Psychiatry Coding & Reimbursement Alert

You Be the Coder:

Choosing Between 90792 and E/M Depends on Type of Service Rendered

Question: A new patient was seen by our psychiatrist. Should we use “90792” or an E/M code when he performed evaluation and treatment, and prescribed meds? Also, is there an add-on code for beyond time spent with the patient?

Dallas Subscriber

Answer: Since the service was provided by your psychiatrist, you have the option of using either the psychodiagnostic evaluation code, 90792 (Psychiatric diagnostic evaluation with medical services) or an appropriate new patient outpatient code from the series 99201-99205. However, your code choice should depend on the services that were provided by your clinician during the encounter and should not just be some random choice.

 According to CPT®, “Psychiatric diagnostic evaluation with medical services is an integrated biopsychosocial and medical assessment, including history, mental status, other physical examination elements as indicated, and recommendations. The evaluation may include communication with family or other sources, prescription of medications, and review and ordering of laboratory or other diagnostic studies.”

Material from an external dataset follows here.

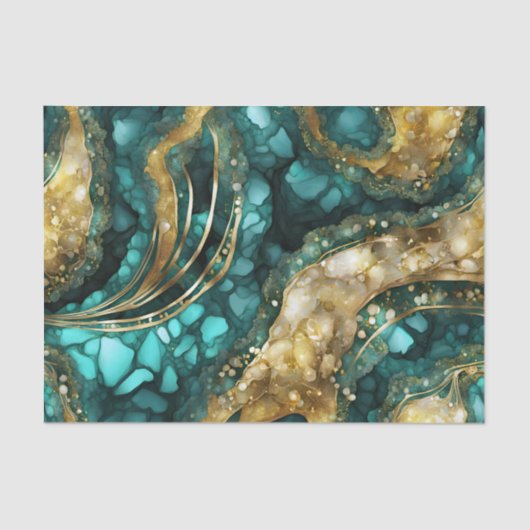 Elegant Teal Blue Gold Agate Geode Marble Abstract Seidenpapier (Vorderseite)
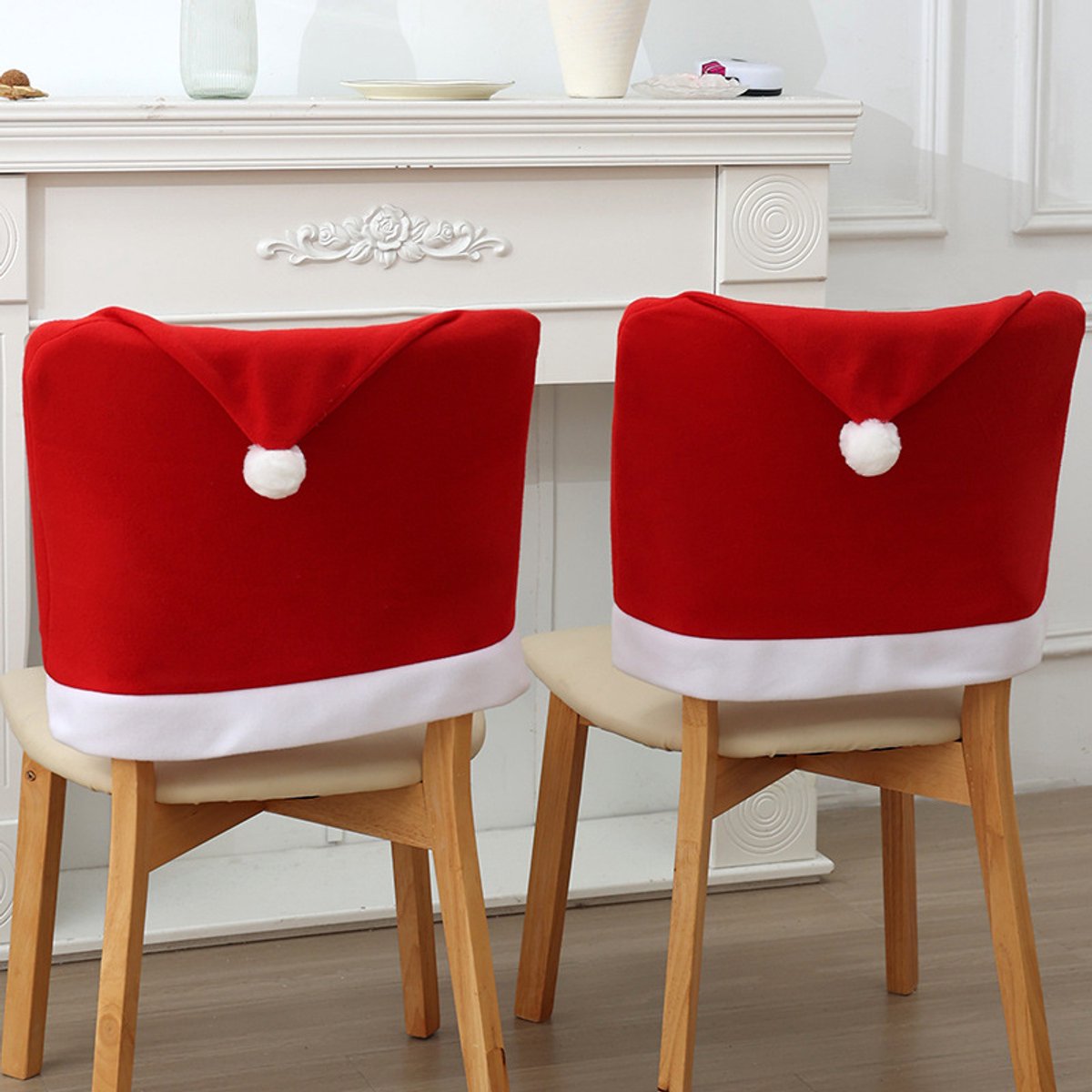 Chair Covers - 4 pieces - Christmas chair covers - Red chair covers - Christmas decorations โ image 6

New patient E/M codes include a history, examination (which may include mental status), medical decision making, and counseling and/or coordination of care.When reporting the initial visit, one of the aspects that distinguishes the two types of service is the emphasis on “an integrated biopsychosocial and medical assessment” as part of 90792. In other words, a typical E/M service tends to be more medically or physically oriented (although psychosocial issues may certainly be considered), while 90792 has a much stronger emphasis on biopsychosocial and medical integration.

If you still are not sure about what services were rendered during the visit and whether to choose 9072 or an E/M code, query your psychiatrist so that you can decide on the appropriate code to report.